Uruguayan authorities have been paying close attention to the operations of transnational criminal organizations that move drugs to Europe from the Port of Montevideo, the South American country’s main maritime terminal, where significant cocaine shipments have been seized since 2019.
“The Uruguayan port terminal is strategic for transnational organized crime,” Martin Verrier, an adjunct professor at the George C. Marshall European Center for Security Studies at the U.S. Department of Defense regional center in Germany, told Diálogo on October 29. “In recent years, the port of Montevideo often became the last port of call for cocaine trafficking from Paraguay via the waterway.”
With Uruguay gaining status as an attractive transit country for cocaine trafficked from Colombia and Peru to international markets, Uruguayan Defense Minister Javier Garcia told Uruguayan newspaper El País that his country is exercising its authority in the face of organized crime.
“To understand the situation that Uruguay is going through, it must be approached from different perspectives. Among others, the country is located in a fundamental enclave for international narcotrafficking, as it is a port of entry for the continent and a departure point for Africa and Europe,” Nicolás Centurión, an analyst with the Uruguayan nongovernmental organization Latin American Center for Strategic Analysis told InSight Crime, an organization that studies organized crime in Latin America and the Caribbean.
On October 25, the Paraguayan National Police arrested Carlos César Pereyra, who had escaped from a Uruguayan jail and had an Interpol Red Notice for trafficking cocaine to Europe, Argentine news site Infobae reported.
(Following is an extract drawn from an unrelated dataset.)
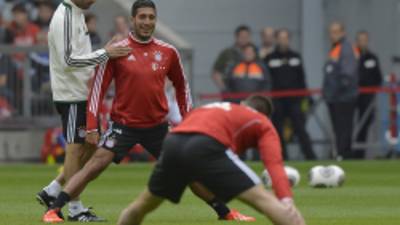 (FILES) This picture taken on June 26, 2013 shows German first division Bundesliga football club Bayern Munich's new Spanish head coach Pep Guardiola (L) talk with midfielder Emre Can (2nd L) during his first training session with the club in Munich, southern Germany. Germany Under-21 midfielder Emre Can has left European champions Bayern Munich to sign a four-year deal with Bayer Leverkusen, both clubs confirmed on Friday, August 2, 2013. AFP PHOTO / GUENTER SCHIFFMANN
Following his arrest, the head of Interpol Paraguay Carlos Duré said that this was one of the ways in which Paraguay collaborates with the Uruguayan government in the fight against narcotrafficking at a regional level.
“Narcotrafficking organizations take advantage of the free international trade in Uruguay, which increases the movement of containers in the port, operating more than 50,000 containers per month with an annual growth of 10 percent,” Verrier said. “Today, cocaine is trafficked by air to Uruguay, by land from Argentina and Brazil, and by waterways, where the vulnerability of local ports must be highlighted.”
An article in British newspaper Financial Times stressed the international narcotrafficking situation in Uruguay and pointed out that the country, often considered an exception and off the crime radar, was now among narcotrafficking routes.
“The expansion of the narcotrafficking business in Latin America, with which until recently only Colombia, Mexico, and Peru were associated, increased to such an extent that it landed in unexpected places [such as Uruguay], despite decades of pursuits,” Argentine daily La Nación reported.
Jeremy McDermott, executive director of InSight Crime, said that most cocaine bound for Europe is smuggled in shipping containers, and “when seizure rates reach 20 or 25 percent narcotraffickers often change routes.”
The ports in Chile, Uruguay, and Paraguay are where narcotraffickers carry out their illegal trade, McDermott added. According to the United Nations Office on Drugs and Crime, most Latin American nations are now “major sources or transit countries” for cocaine, with the exception of Guyana, Belize, and El Salvador.
“It is worth noting the increasing presence of large international organizations such as [the Italian mafia] ‘Ndrangheta and the [Brazilian criminal group] First Capital Command that use the port of Montevideo as an exit point for cocaine bound for Europe,” Verrier said. “As a result of the COVID-19 pandemic, the transshipment of cargo decreased and that triggered some attention from authorities in the Port of Santos in Brazil,” Centurión said. “On the other hand, this made it so narcotraffickers focused their attention on Uruguay, especially on the Port of Montevideo, due to its geographical position and inspections in producing countries. Narcotraffickers look for alternatives because for them the business has to keep on going.”
On the other hand, “foreign ships that have the Port of Montevideo as a logistics center take advantage of this situation, as happens with the Chinese fishing fleet linked to illegal, unreported, and unregulated fishing,” Verrier concluded. “These boats are often linked to this and other illegal activities such as environmental pollution and exploitation of people.”